Yes, as long as the jsonl survives. In mode 1, the container is gone but the bind-mounted jsonl is on host disk. Spawn a new container with the same bind mount, claude --resume <uuid>, and you pick up exactly where the previous run left off.

This is the bridge from mode 1 → mode 4 (multi-turn programmatic). The very same session can be "fire-and-forget today, follow up tomorrow" without changing mode operationally — just spawn a fresh container against the persisted state.

Architectural impact: ainb must record the session-id from each run (it's in the stream-json output's init event) so it can pass it back on resume.

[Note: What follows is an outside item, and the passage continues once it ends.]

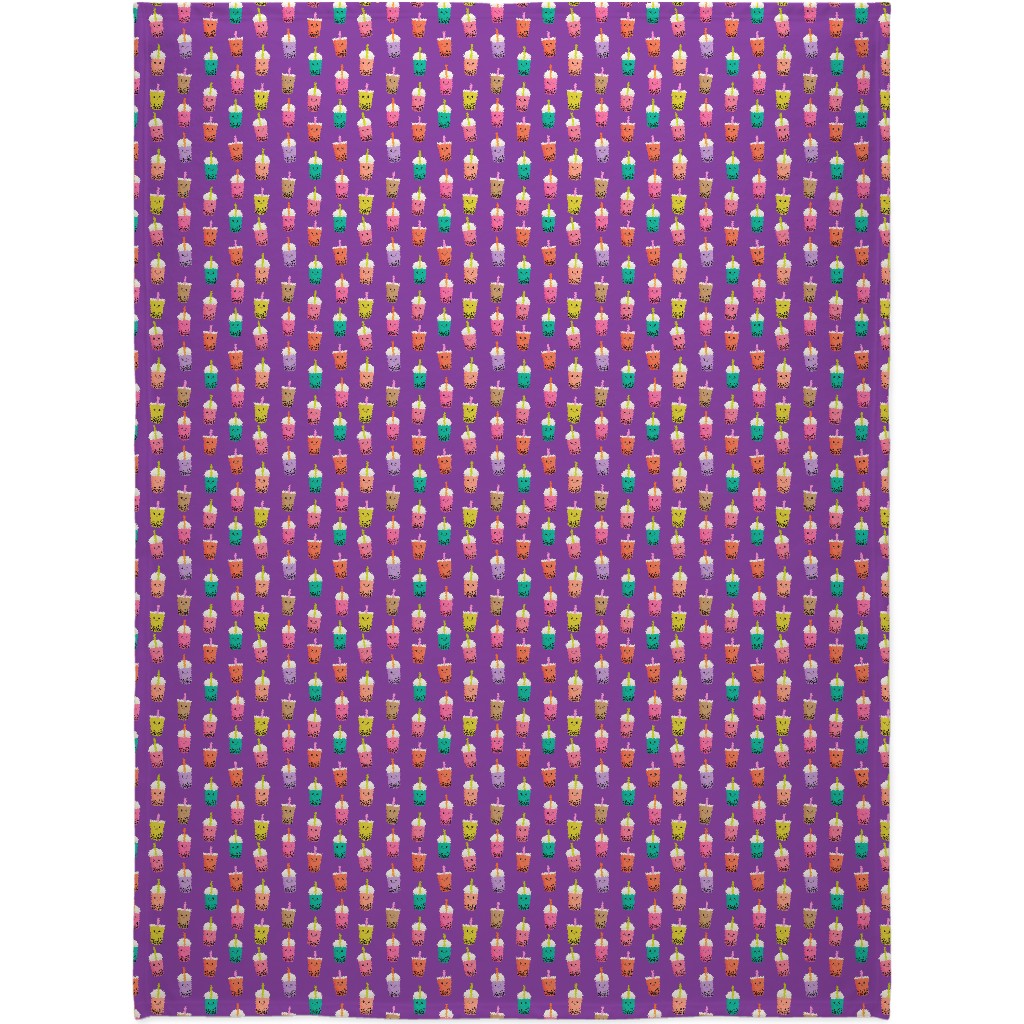 Boba Tea Blanket, Sherpa, 60x80, Purple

After fire-and-forget, can I start an interactive session on top to give more instructions?

Yes — two clean paths.

Path A (recommended for ainb): Spawn a fresh container with the persisted bind mount, run claude -c in TTY via docker exec -it (mode 3 lifted onto the bones of mode 1). Context resumes, user types follow-up, agent responds. Closes mode 3 when user exits TTY.

Path B: Use mode 2 (sticky) from the start — never let the original container exit. Then docker exec -it <id> claude -c on the still-running container. Faster (no cold start) but commits to the "container keeps running" cost.

UX hook: "Continue this task" button in the TUI's session list — defaults to Path A, falls back to Path B if the container is still alive.

What we can't do at all

Honest constraints. These aren't trade-offs to optimise — they're walls. Don't promise these in the UI.

True conversation forking — branching a mid-conversation agent state into two divergent paths needs CRIU-style process snapshotting of the claude CLI's in-memory state. Docker checkpoints exist but are flaky and don't preserve LLM connection state. Closest available: clone the jsonl, restart in two parallel containers, accept that the two paths see the world from slightly different starting points.
Cross-agent session sharing — claude can't read codex's session file (and vice versa). Different schema, different storage location, different mental model. To use claude's context in codex, ainb would need a translation layer that exports claude's jsonl to plain markdown / chat-format and feeds it as a fresh prompt to codex. Lossy by definition.
Hot-swap container mid-task without losing state — Docker has no live-migrate for arbitrary processes. If you want to upgrade the HolyClaude image while a task runs, the task dies. Wait for idle, then swap.
Multi-agent voting / consensus — mode 7 fans out, but the "pick the best" or "merge into one" step needs an orchestrator ainb doesn't have. Could be a future plugin (mode 7 + a judge LLM); not free.
True streaming pause / resume mid-prompt — claude -p has no pause primitive. The closest: kill the process, lose the partial output, resume via --resume from the last committed turn. Interactive mode 3 lets the user interrupt with Ctrl-C, but that's a kill, not a pause.
Native cost cap inside claude CLI — claude doesn't expose a "stop after N tokens" hard limit. Ainb has to enforce caps externally by watching usage events from stream-json and killing the container if budget exceeded. Crude but workable.
Headless OAuth refresh inside a CI runner — if the bind-mounted token expires mid-run, the user (a human with a browser) is required to re-auth. CI uses ANTHROPIC_API_KEY for exactly this reason. Don't try to OAuth in CI.